Jeff: “That’s a couple of houses?”
Dennis: “Yeah, two houses.”
Jeff: “Two houses and the Managing Directors write a letter?”
Dennis: “Two guys are really complaining ’cause they want to get a higher price for their property. So I have a senior managing director writing us a note saying, ‘Here’s our policy: zero violations.’ I mean, what’s that tell you?”
Jeff: “I can throw out a number of hypotheses. One is that to some degree that is Japanese. The Japanese are very concerned about harmony, disharmony. To some degree there’s almost a paranoia about any problem in the United States because of potential tensions with the government. On the other hand, I could attribute it to more of a value system. Where do you think it falls out there?”
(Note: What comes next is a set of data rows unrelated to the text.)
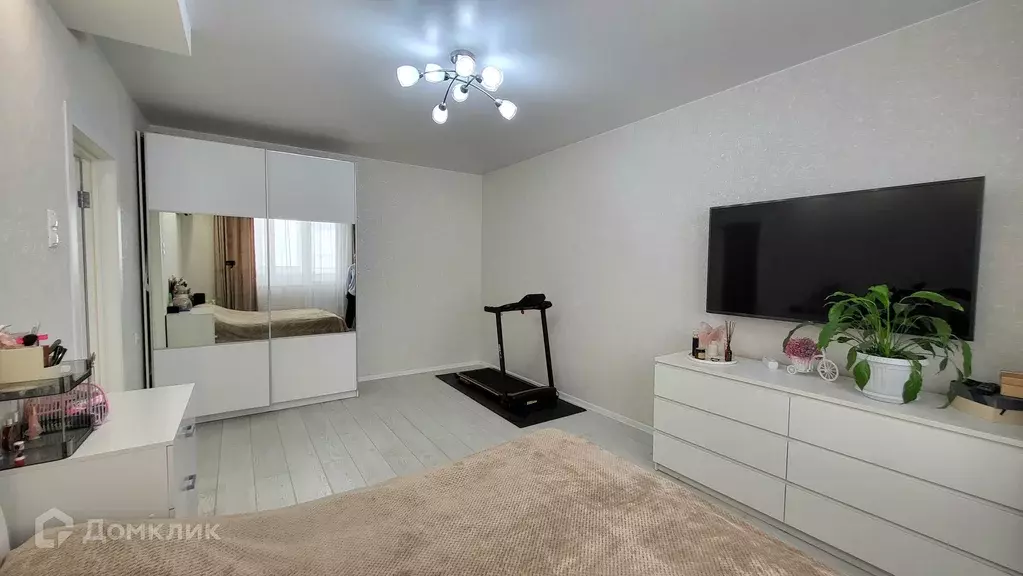 Продаётся 1-к квартира, 37.7 м - Фото 1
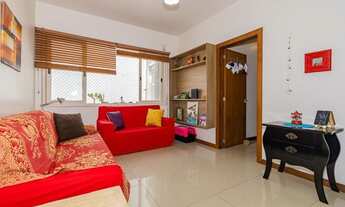 Imagem: Porto Alegre - Apartamento Padrão - Petrópolis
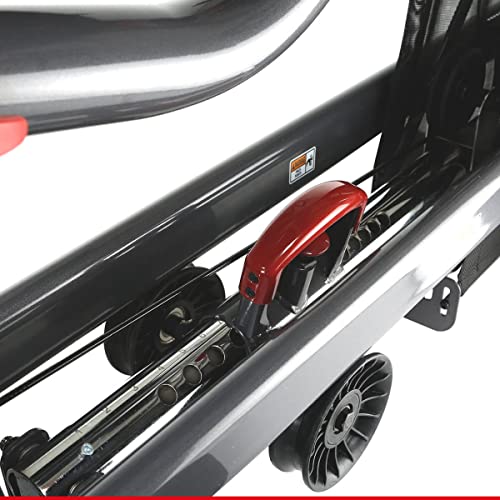 HAMMER Inspire Kraftstation BL1 Bodylift – Bild 4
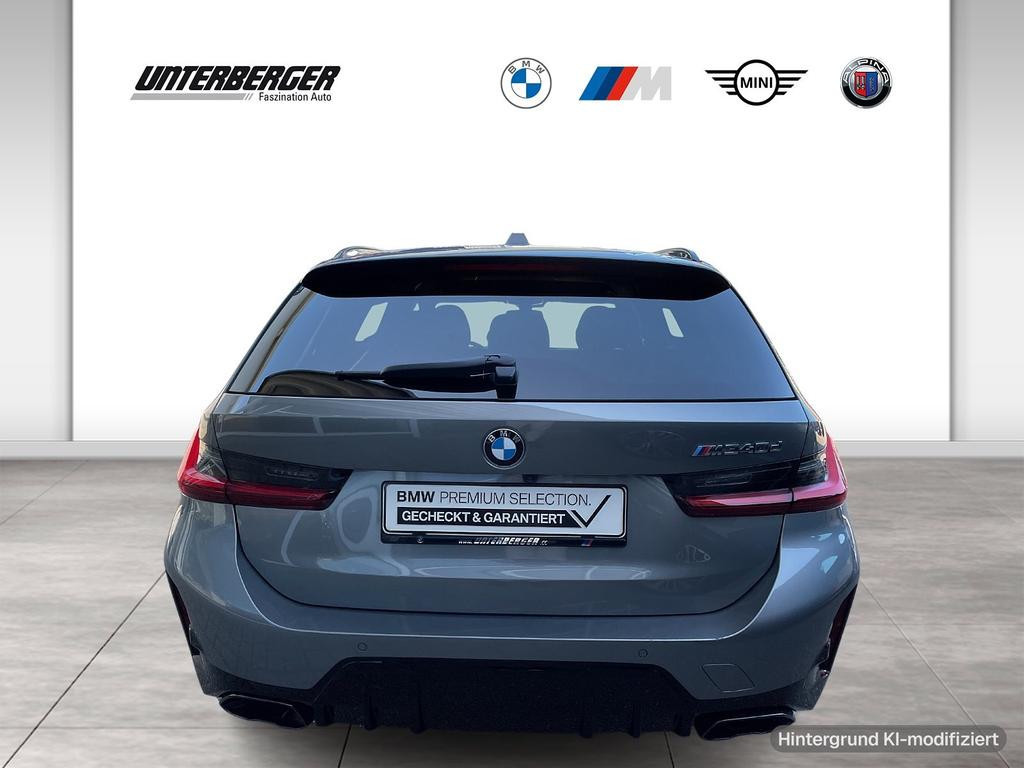 BMW M340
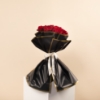 Picture of Savanna Flowers  Bouquet |25 Red Roses
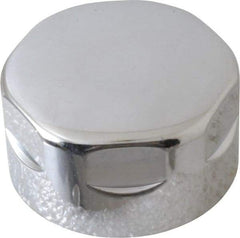 Sloan Valve Co. - 3/4 Inch Stop Cap - For Flush Valves and Flushometers - All Tool & Supply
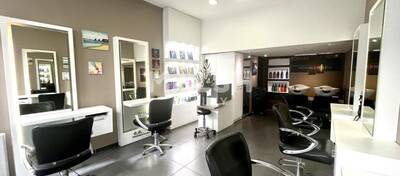 REXIM - Local commercial - Rhône - Lyon - 1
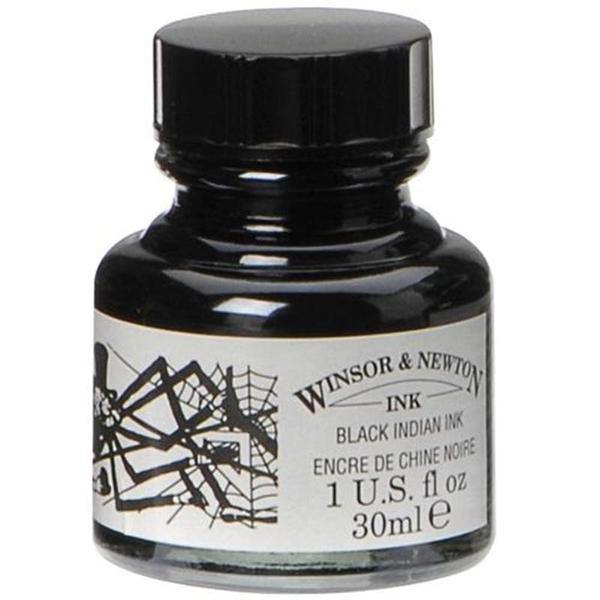 Winsor & Newton Drawing Inks - Art Supplies Australia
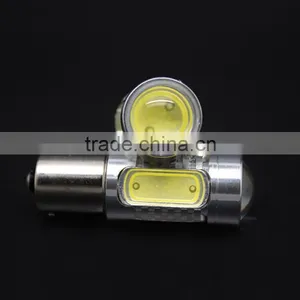 LED 11567.5W Car Auto Turn Signal Lights 1156 Led Ceramic thumbnail-5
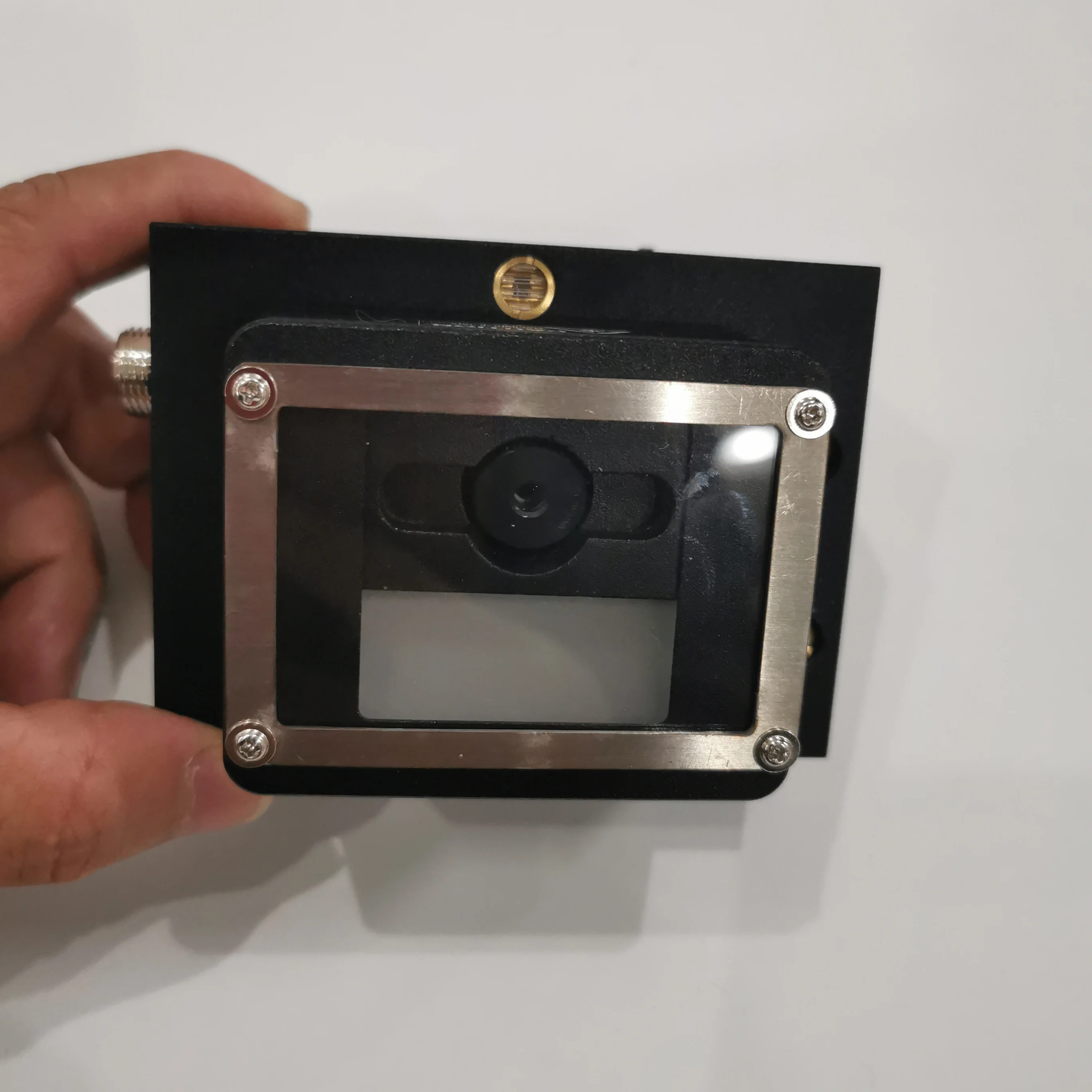 EPC-A12 Web Guiding System | EPC/LPC Edge Position Controller with CCD Sensor & PD403L150T 400kg Servo Actuator detail image 15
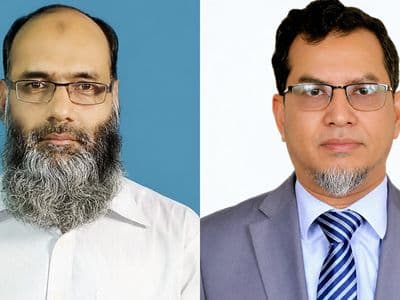 বাকৃবিতে সোনালী দলের নতুন কমিটি, সভাপতি হাম্মাদুর ও সম্পাদক আদহাম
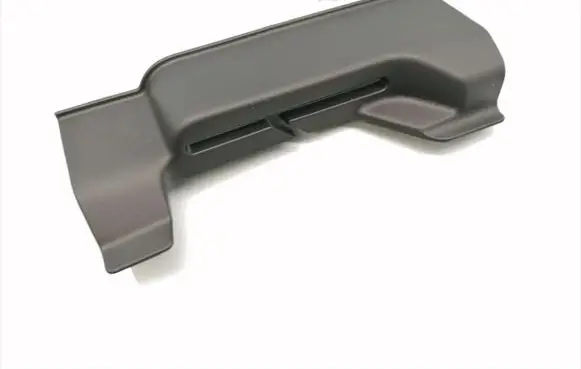 Panel trim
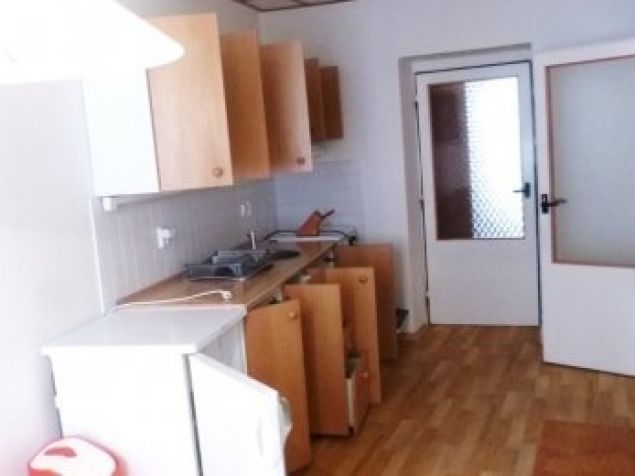 Pronájem bytu Písek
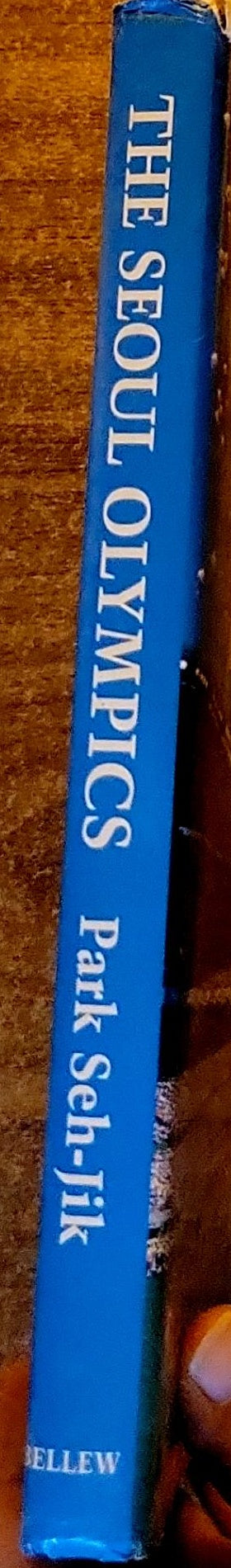 The Seoul Olympics: The Inside Story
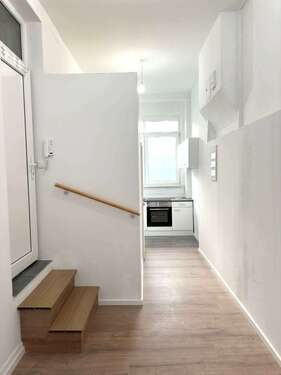 Foto - Wohnung zum Mieten in Kiel 264,00 € 24 m²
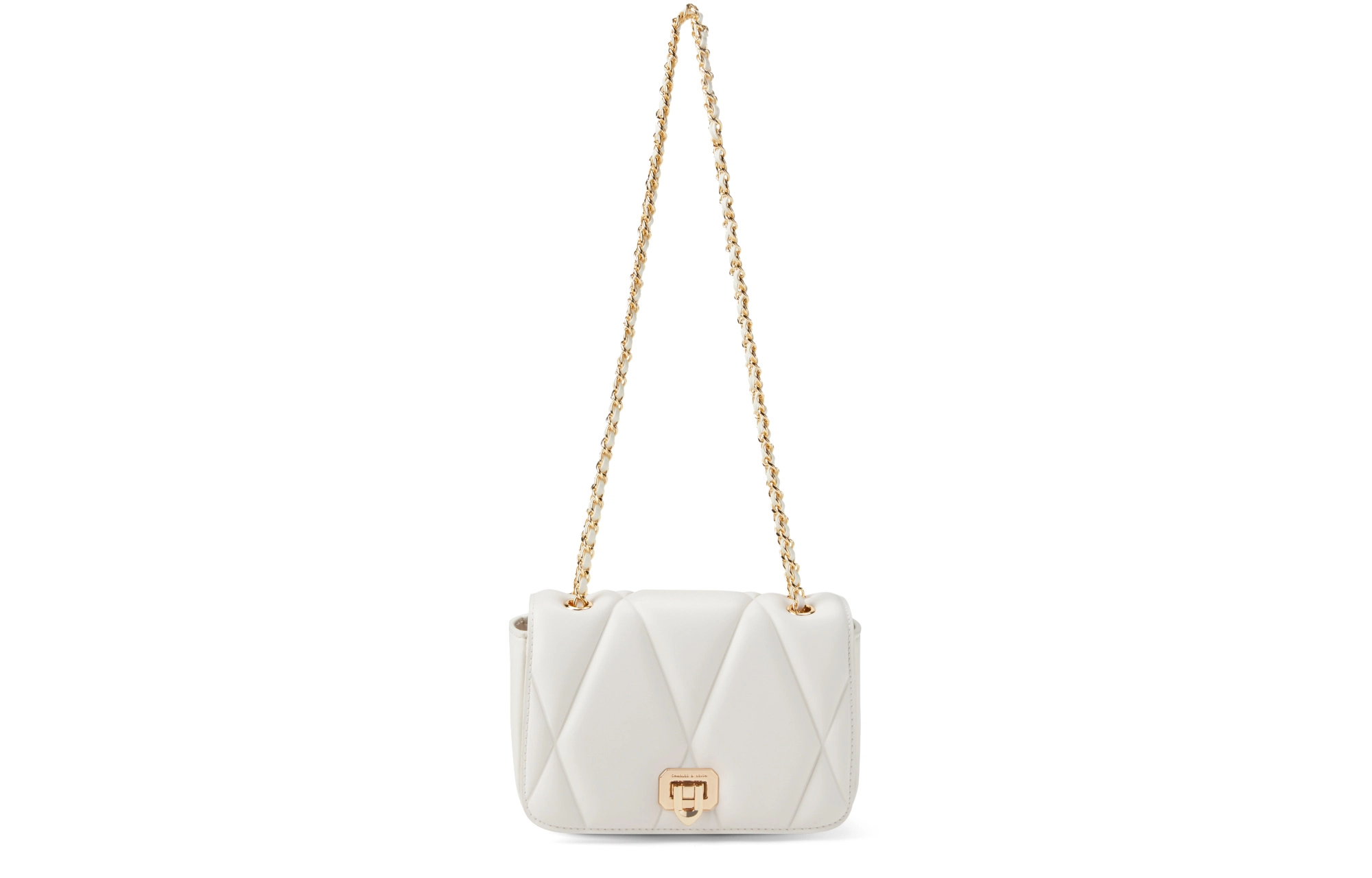 CHARLESKEITH PU ck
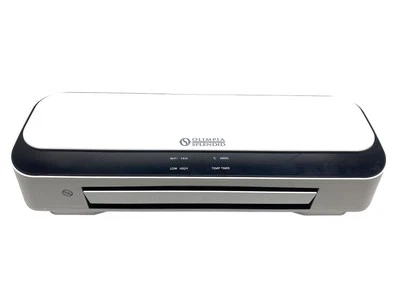 Termoventilatore Olimpia Splendid 99261 WiFi 2000 W - Immagine 1 di 4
Dennis: “Value system. Of course, you want to avoid regulatory and legal issues, but this goes more to the value system. We, Toyota, have made this commitment to the environment. Our policy is zero violations. That’s one of our eight global performance indicators, along with quality, productivity, etc.”
You may question the purity of Toyota’s motives. Surely a Japanese company that has penetrated such a major part of the U.S. market had to be concerned about political repercussions of any negative publicity. But Toyota’s zero violations policy goes beyond purely political motives. Toyota executives really try to do the right thing.